Your instructions → At the line that holds "Rails Jasmine Dress Olive Static Medium", start repeating, and keep going exactly through the final line of the material; include both ends and skip the pictures.

Data extract below:

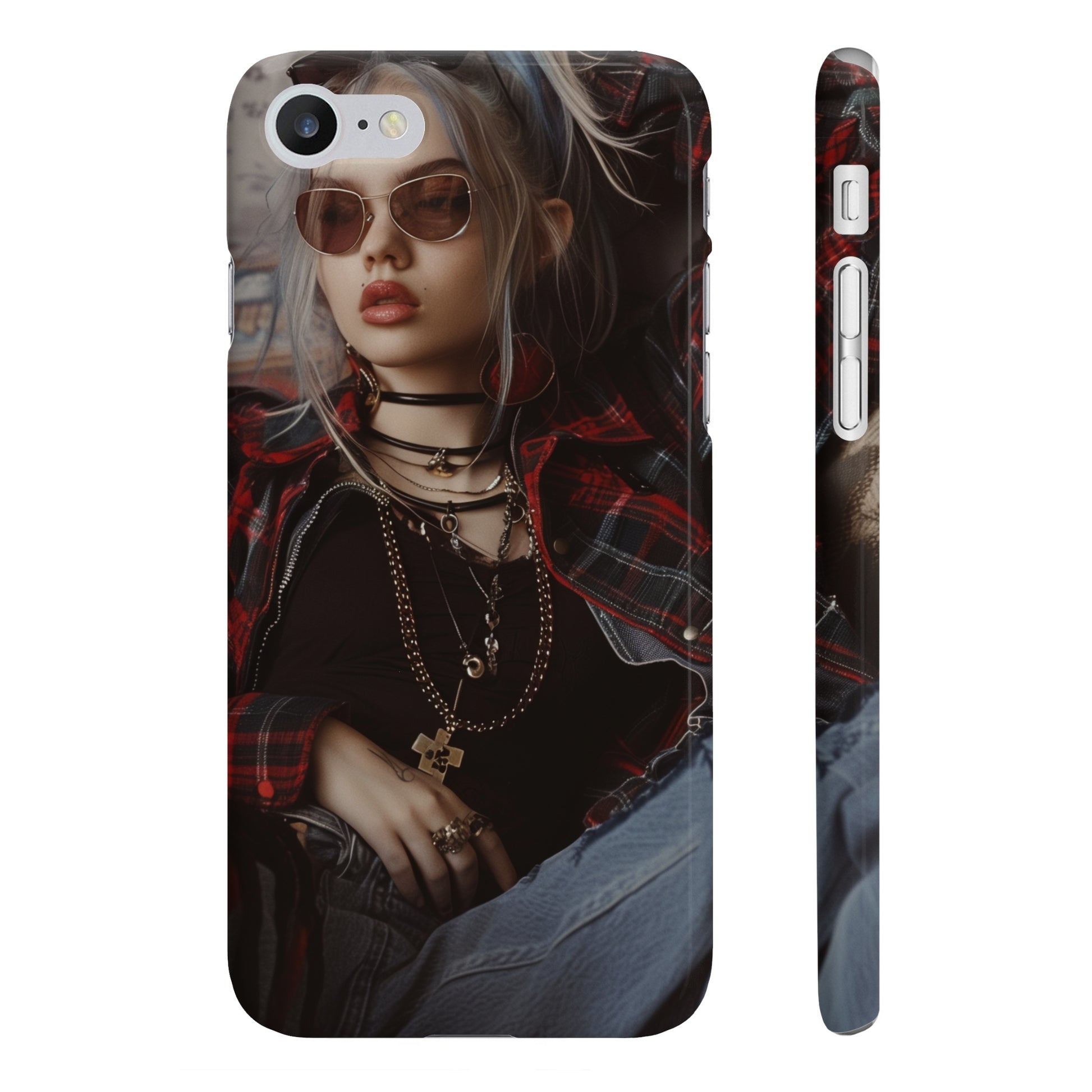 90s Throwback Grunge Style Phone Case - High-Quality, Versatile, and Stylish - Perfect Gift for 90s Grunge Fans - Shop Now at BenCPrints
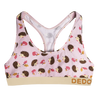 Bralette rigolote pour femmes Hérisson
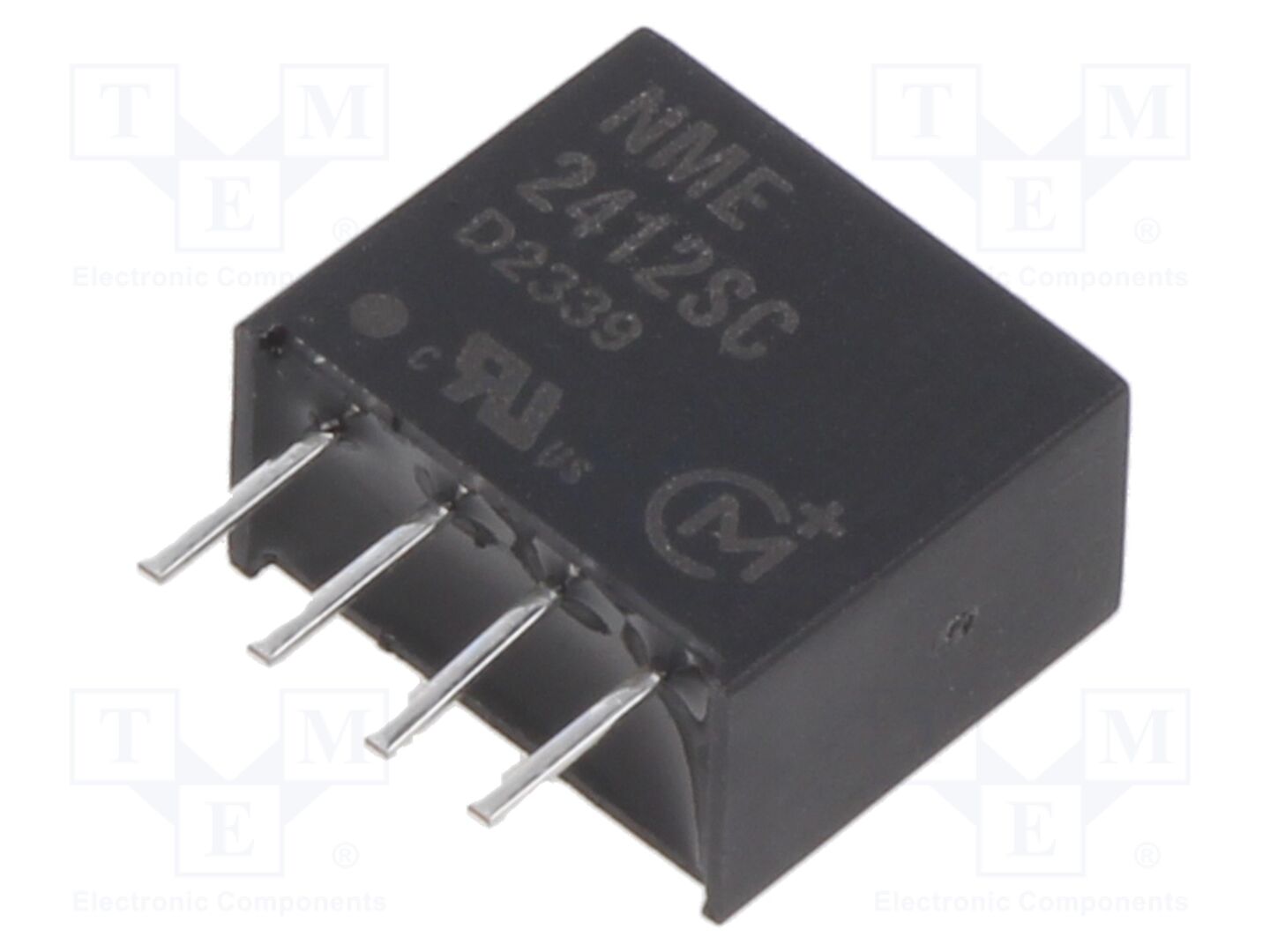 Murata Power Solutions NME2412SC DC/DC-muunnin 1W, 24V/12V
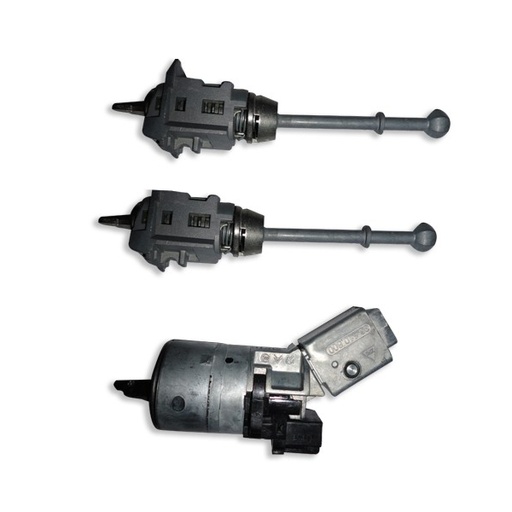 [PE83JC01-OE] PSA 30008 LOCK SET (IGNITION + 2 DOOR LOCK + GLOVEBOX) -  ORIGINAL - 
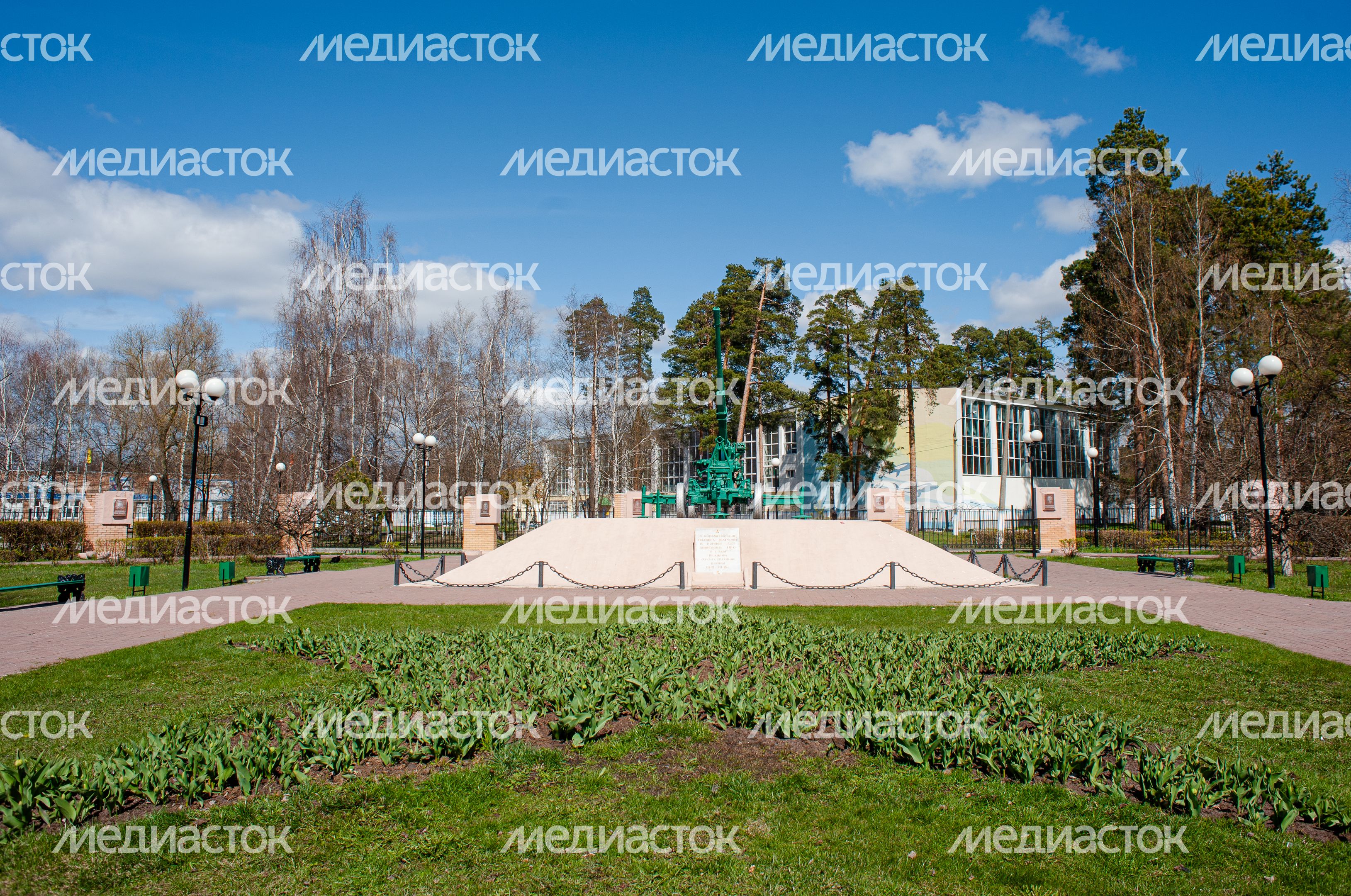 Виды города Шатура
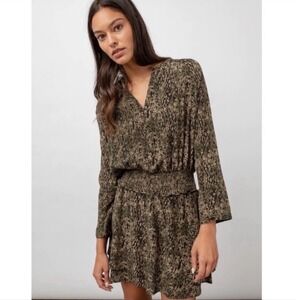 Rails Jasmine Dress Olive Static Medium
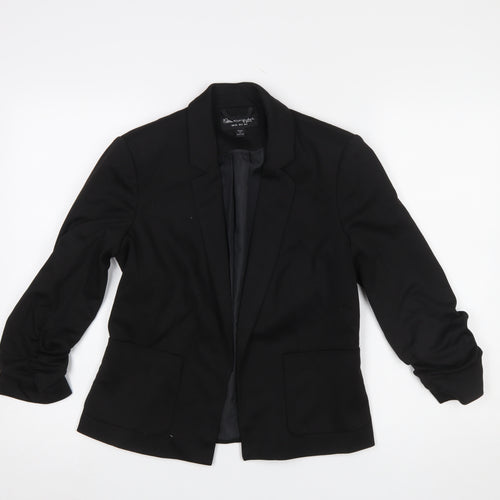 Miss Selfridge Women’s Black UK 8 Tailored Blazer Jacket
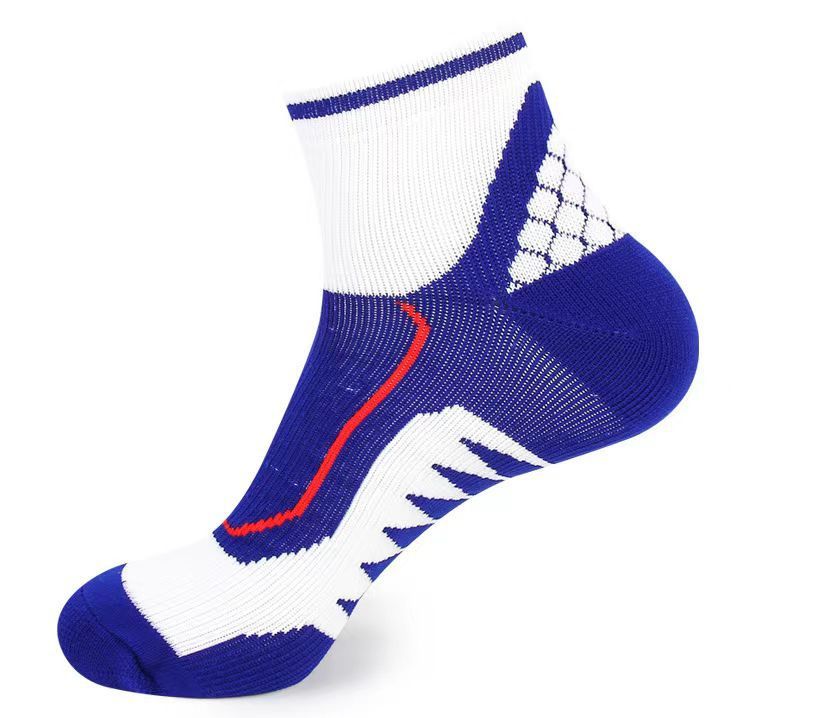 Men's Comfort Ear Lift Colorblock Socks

End of Data extract.

Your solution →
 Rails Jasmine Dress Olive Static Medium
 Miss Selfridge Women’s Black UK 8 Tailored Blazer Jacket
 Men's Comfort Ear Lift Colorblock Socks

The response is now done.